Need help with relative file path

[Thomas Børlum]

Hey all,

I'm writing a c++ program that needs to read a file. I'm trying to read
a file that is in the same directory as the executable.

Everything works fine if I execute the program while in the program's
directory. What I need to do is read that file regardless of where
(cwd) I execute the program from, without hardcoding the absolute since
the program might be moved or be in differant locations on other
computers.

What should I do?

PS. I'm using the boost filesystem framework if it helps.

 

[Martin York]

Hey all,

I'm writing a c++ program that needs to read a file. I'm trying to read
a file that is in the same directory as the executable.

Everything works fine if I execute the program while in the program's
directory.
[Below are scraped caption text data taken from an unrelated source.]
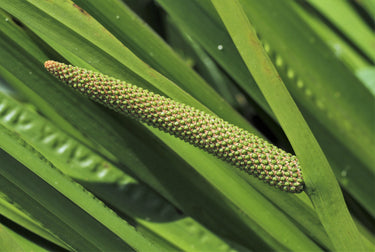 250 SWEET FLAG GRASS Wetland Pond Acorus Calamus Ornamental Seeds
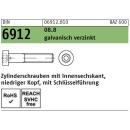 DIN 6912 Zylinderschrauben - verzinkt 8.8 - ISK - niedriger Kopf
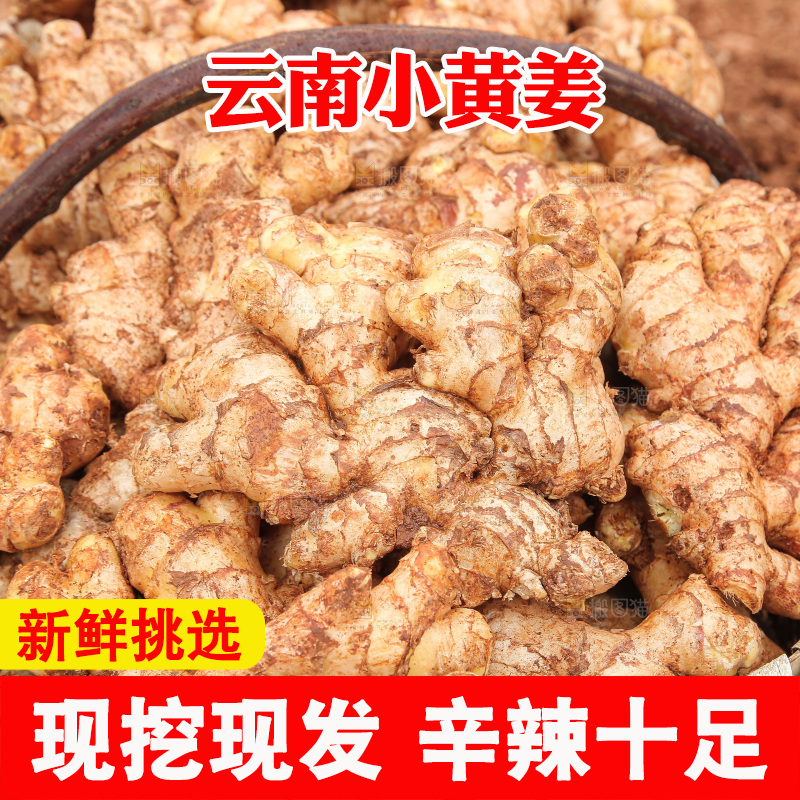 篮子里装着新鲜小黄姜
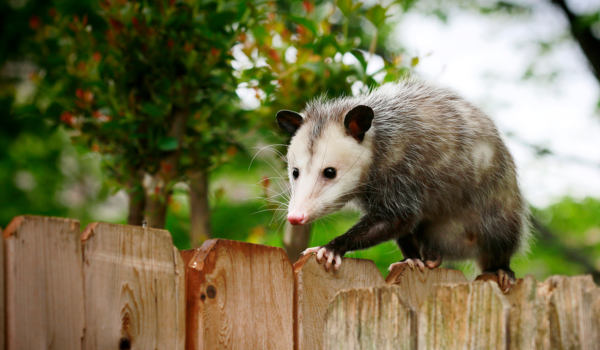 possum on fence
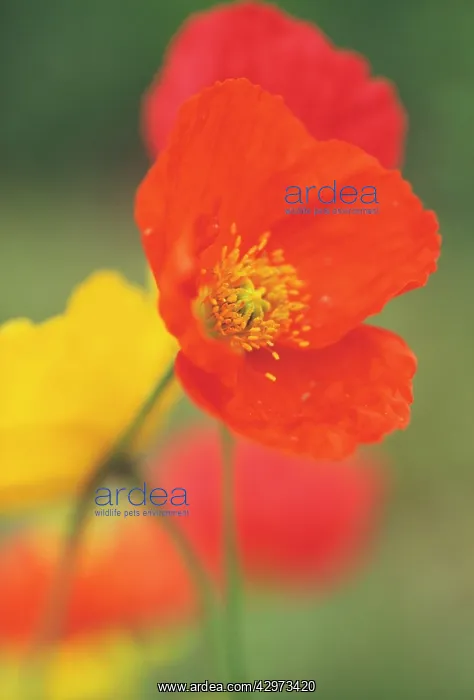 : Poppy, Icelandic poppy, Papaver croceum Hazy Days : Poppy, Icelandic poppy, Papaver croceum Hazy Days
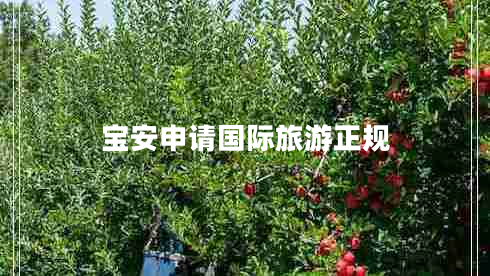 寶安申請國際旅游正規(guī)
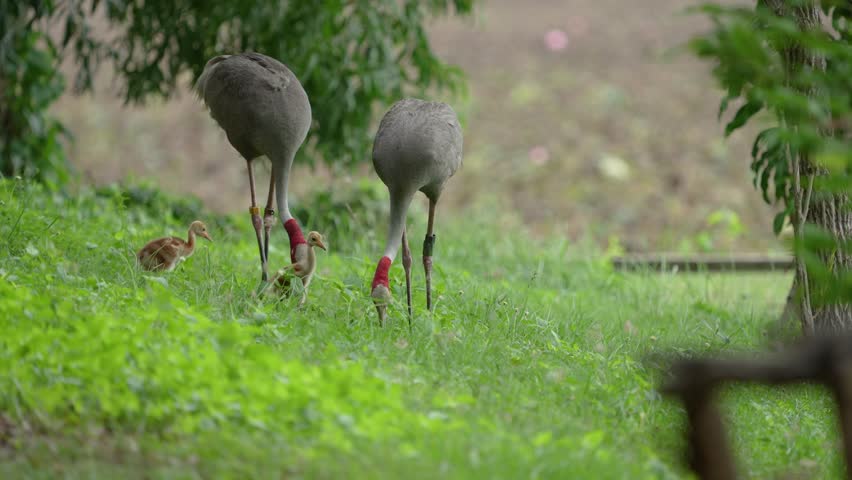 Eastern Sarus Crane and baby (Grus antigone sharpii)conservation birds in Thailand  looking for food.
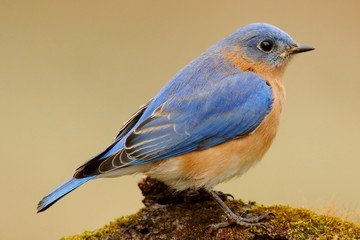 Male Eastern Bluebird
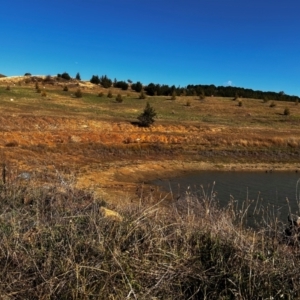 FrogWatch survey at NAD036: Larch Dam Forest 36 - 24 Apr 2024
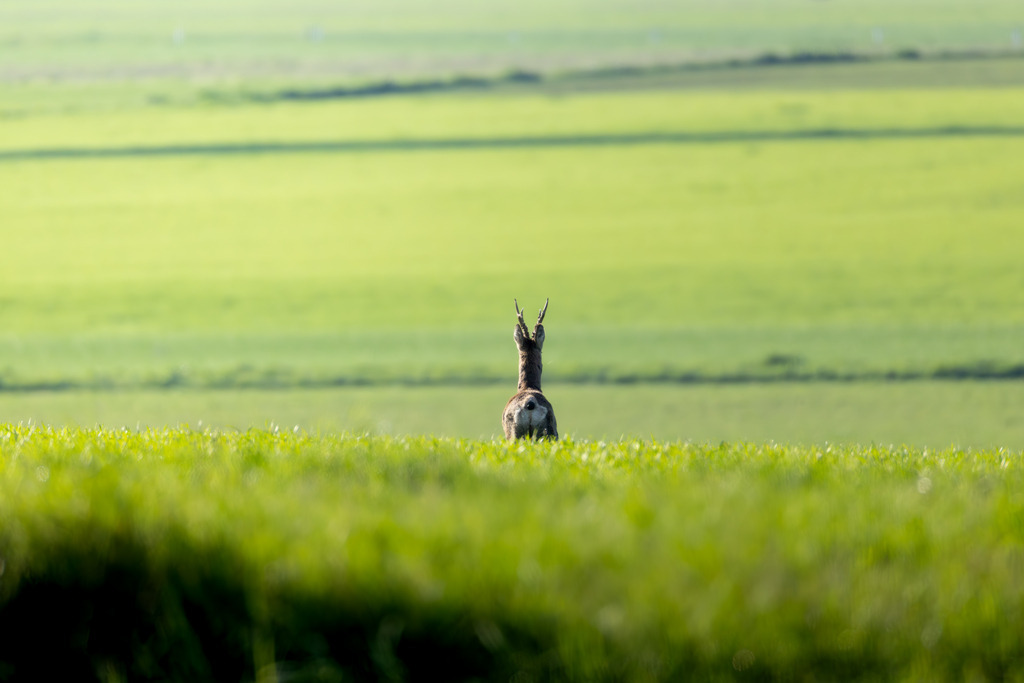 Das Reh | Das Reh (Capreolus capreolus) ist die häufigste und zugleich kleinste Hirschart in Europa und gilt als die am weitesten verbreitete Schalenwildart. Es gehört zur Familie der Hirsche (Cervidae) und bildet zusammen mit Elch und Rentier die Gruppe der Trughirsche. Man unterscheidet das Europäische Reh, das Sibirische Reh und das Mandschurische Reh. Die Tiere sind von graziler, schlanker Statur. Ein ausgewachsenes Reh erreicht eine Schulterhöhe von etwa 60 bis 80 Zentimetern und ein Gewicht zwischen 15 und 30 Kilogramm. Das Männchen wird als Rehbock, das Weibchen als Ricke oder Geiß bezeichnet. Die Jungen sind die Kitze. - Realisiert mit Pictrs.com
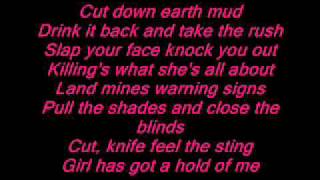 The Kicks  Hawk Eyes Lyrics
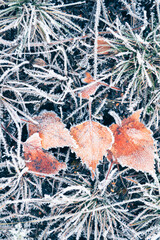Frost-covered leaves and grass in autumn forest. Abstract autumn nature background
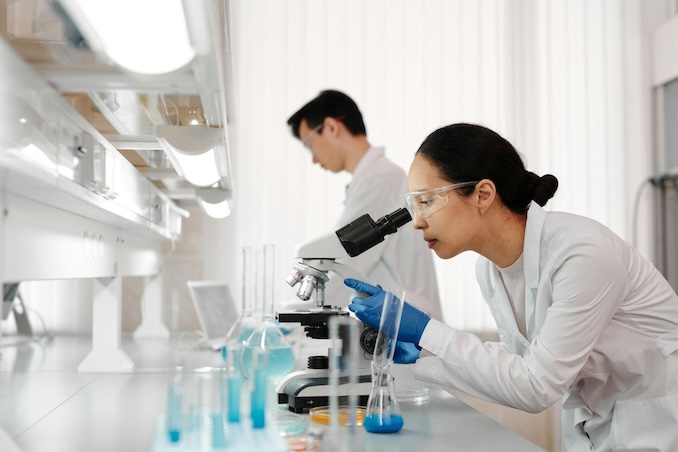 Stem Cell Research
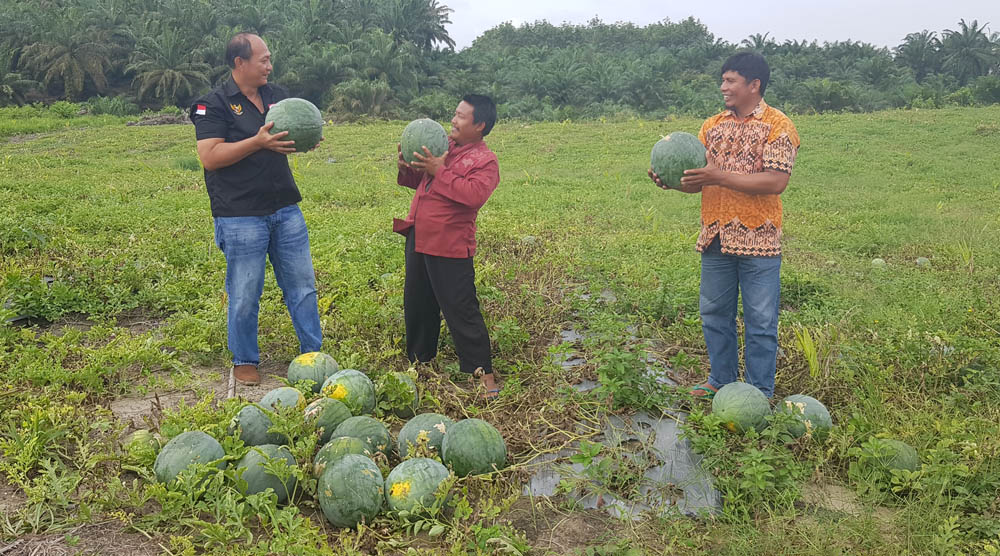 Petani Okura Binaan PT AA-SMF Berhasil Panen 70 Ton Semangka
What I need to do is read that file regardless of where
(cwd) I execute the program from, without hardcoding the absolute since
the program might be moved or be in differant locations on other
computers.

What should I do?

PS. I'm using the boost filesystem framework if it helps.

Most OS's will give you the command used to execute your program in
argv[0]
This will usually include the path

int main(int argc,char* argv[])
{
std::cout << argv[0] << "\n\n";
}

NB. It may be absolute or relative.

 

[Juha Nieminen]

Most OS's will give you the command used to execute your program in
argv[0]
This will usually include the path

Actually it's rather usual that argv[0] is simply what you wrote in
the command line as the program's name, without any additions.

 

[Thomas Børlum]

Hey all,

I'm writing a c++ program that needs to read a file. I'm trying to read
a file that is in the same directory as the executable.

Everything works fine if I execute the program while in the program's
directory. What I need to do is read that file regardless of where
(cwd) I execute the program from, without hardcoding the absolute since
the program might be moved or be in differant locations on other
computers.

What should I do?

PS. I'm using the boost filesystem framework if it helps.

Most OS's will give you the command used to execute your program in
argv[0]
This will usually include the path

int main(int argc,char* argv[])
{
std::cout << argv[0] << "\n\n";
}

NB. It may be absolute or relative.

Thanks that got me on the right track. I've done the following:

path program_path(string(argv[0]) + "/..");
program_path = complete(program_path);
string settings_file = program_path.string() + "/settings.txt";

works great.

 

[James Kanze]

Most OS's will give you the command used to execute your
program in argv[0] This will usually include the path

First, of course: I'm not sure what you mean by "most OS's", but
Unix certainly doesn't, and IIRC, nor does Windows. Unix, at
any rate, gives you whatever the invoking program decides.
(Note that this is NOT conform to the C or C++ standards;
strictly speaking, a conforming implementation of C or C++ is
impossible under Unix, and I'm pretty sure under Windows as
well.)

Secondly, of course, it's quite exceptional, both under Unix and
under Windows, for the invoking command to include the path.
In these two systems, the actual path is normally obtained from
an environment variable.

int main(int argc,char* argv[])
{
std::cout << argv[0] << "\n\n";
}

NB. It may be absolute or relative.

Most of the time, it's relative from some arbitrary entry in the
PATH environment variable.

I've encountered this problem several times in the past; at
least under Unix, there is no possible solution from within the
program.

 

[James Kanze]

Most OS's will give you the command used to execute your program in
argv[0]
This will usually include the path

Actually it's rather usual that argv[0] is simply what you
wrote in the command line as the program's name, without any
additions.

That's more or less what the standard requires. Under Unix, of
course, this only works if the shell used to start the command
collaborates (most do). And it leaves open the question as to
what should be in argv[0] if the command is not started from the
command line, but from some other program.

 

[Juha Nieminen]

Most OS's will give you the command used to execute your program in
argv[0]
This will usually include the path

Actually it's rather usual that argv[0] is simply what you
wrote in the command line as the program's name, without any
additions.

That's more or less what the standard requires. Under Unix, of
course, this only works if the shell used to start the command
collaborates (most do). And it leaves open the question as to
what should be in argv[0] if the command is not started from the
command line, but from some other program.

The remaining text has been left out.